The problem is, from a sort of detached, scientific, logical point of view, it sounds like a great idea to have a language that is simple, easy to learn, containing definite rules, with no irregularity, and leaving little room for ambiguity. The problem is, people don't want language to work that way. It's not specifically that they want it to be hard to learn, but they want a language with nuance and ambiguity. We like puns and plays on words. People often enjoy and appreciate slang, or unusual word choice.

I am an American English speaker who has taken the first step to learning Japanese. One of the first things that confuses westerners about Japanese is the four alphabets, two phonetic (hiragana and katakana), one symbols borrowed from Chinese (kanji), as well as the English alphabet. Why not standardize the whole thing on English, and get rid of the rest? Well, then I discovered Kanji puns. There are different pronunciations and meanings for each Kanji, and they can be used in various ways to create double and triple meanings.
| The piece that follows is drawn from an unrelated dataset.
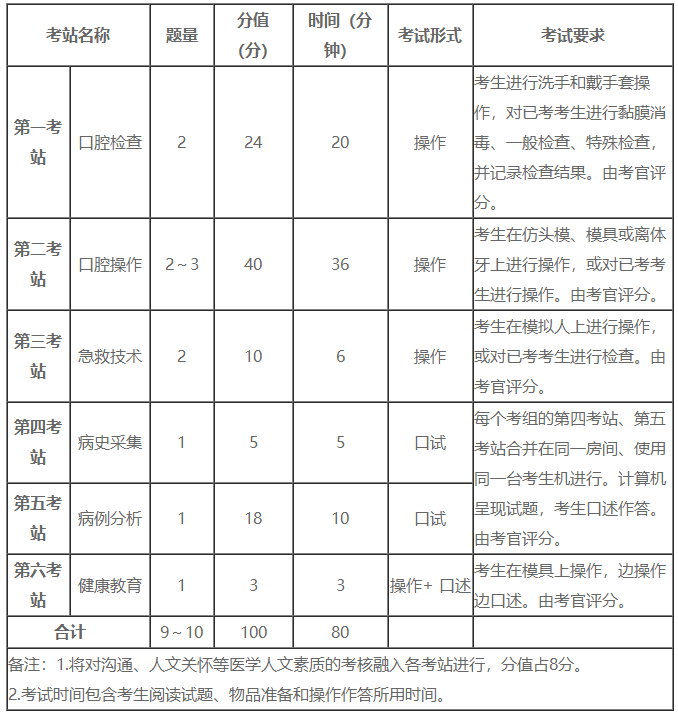 口腔執(zhí)業(yè)實(shí)踐技能時間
The Japanese love to use Kanji puns. So, yeah, no one is looking for the optimally simple language. People want a language that the average people can communicate in, and the clever people can be funny and interesting in.

Comment Re:Remove access ASAP (Score 3, Insightful) 279

Removing access immediately is important for 2 reasons. The first is obviously security. Then 2nd is figuring out what he does & making sure somebody else has that access & knowledge.

Beat me to it. When I saw "finishing up projects," that immediately raised a red flag. All projects should immediately be turned over to other staff, and the short termer can watch over their shoulders and answer any questions. It may make sense to let them keep email and IM during the time, and maybe even read-only to code to help look up issues. But that's about it.

For me it's not about security of the company. It's security of the person leaving, so that they can't get blamed for breaking something during that time. But the most important thing is knowledge transfer. Two weeks is a very short time to document all the little things that were picked up during their tenure.

My biggest complaint recently has been people leaving without proper knowledge transfer. Even after I emailed managers on that point, and was told to try to stop scheduling meetings with him. "He's too busy." Sigh. Now I'm left picking up the mess he left behind.